- **Work instructions**
Retype the lines of the material below, exactly and only, from the one containing "Introducing the 2018" through the last line, with pictures left out.

- **Supplied data**
▶
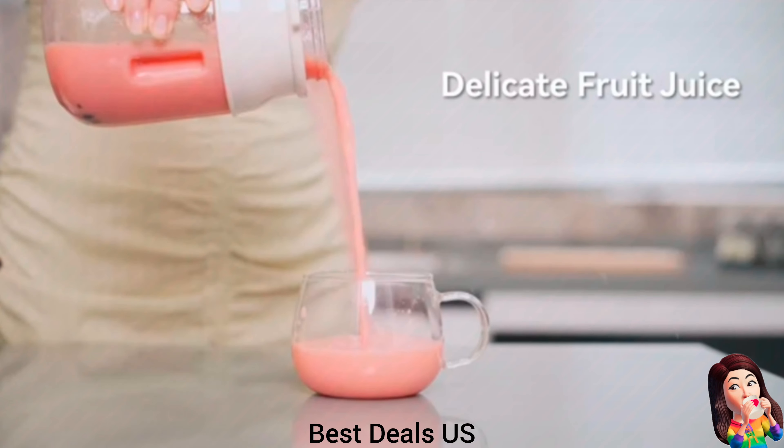9. Portable Blender — uniquely portable design, lightweight, and very beautiful. It has an intelligent safety lock: if the cup tilts or the lid is not tightened, the mixer's motor will automatically stop, which is extremely safe. Uses USB Type-C charging for wide compatibility — charge your blender anytime, anywhere using your computer, power bank, or charger. Product link is given in the ninth link.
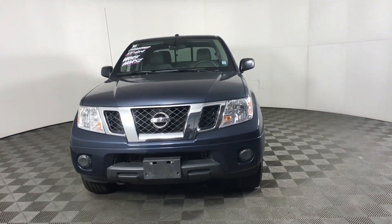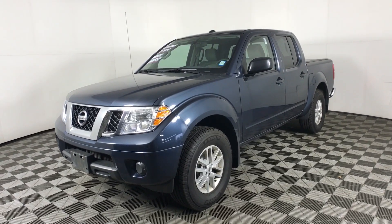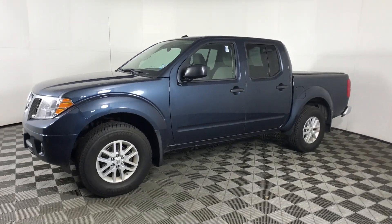Introducing the 2018 Nissan Frontier. With less than 50,000 miles on the odometer, this vehicle provides excellent value.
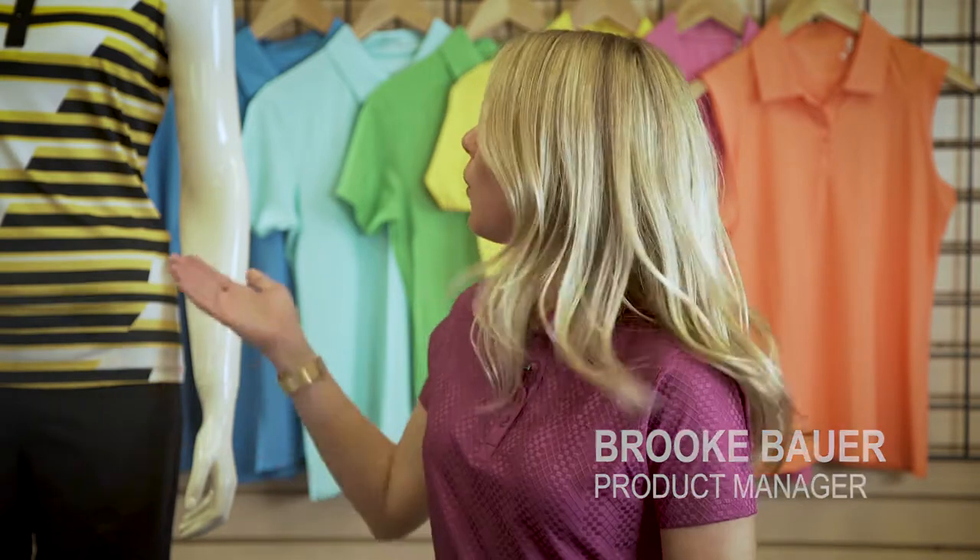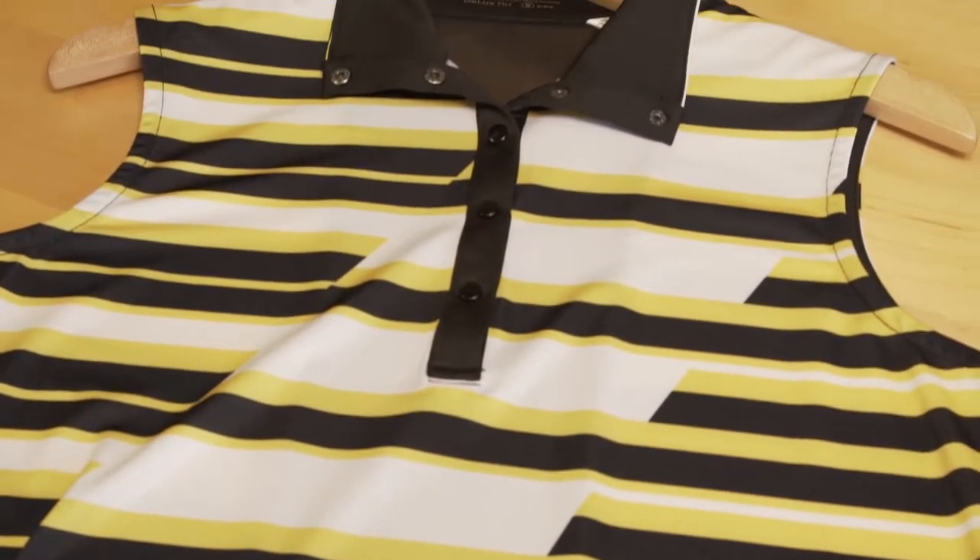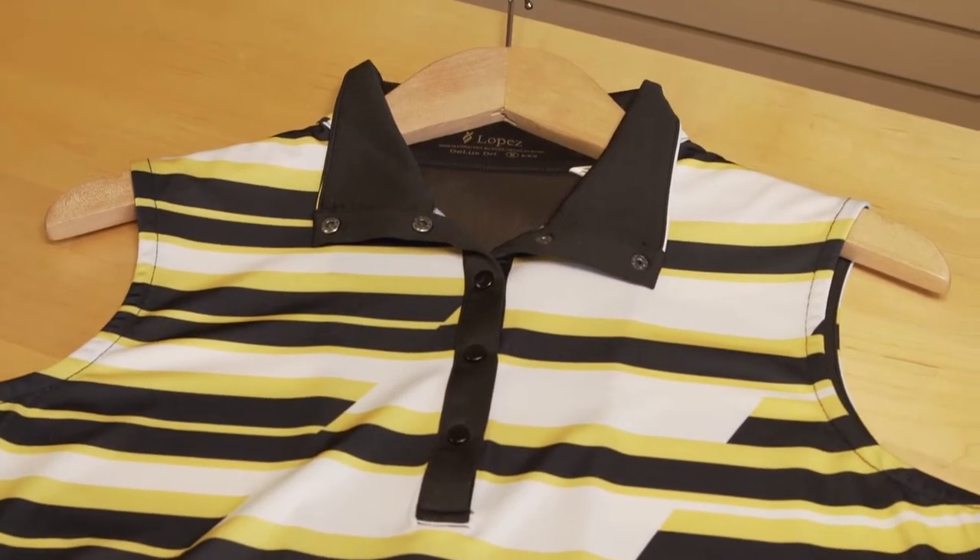Our new collection is all about color, and what better way to showcase it than through a bold statement print like our Gear Polo in amber black. What's great about this polo, besides its vibrant print, is the neckline.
◀
- **Answer below**
Introducing the 2018 Nissan Frontier. With less than 50,000 miles on the odometer, this vehicle provides excellent value.
Our new collection is all about color, and what better way to showcase it than through a bold statement print like our Gear Polo in amber black. What's great about this polo, besides its vibrant print, is the neckline.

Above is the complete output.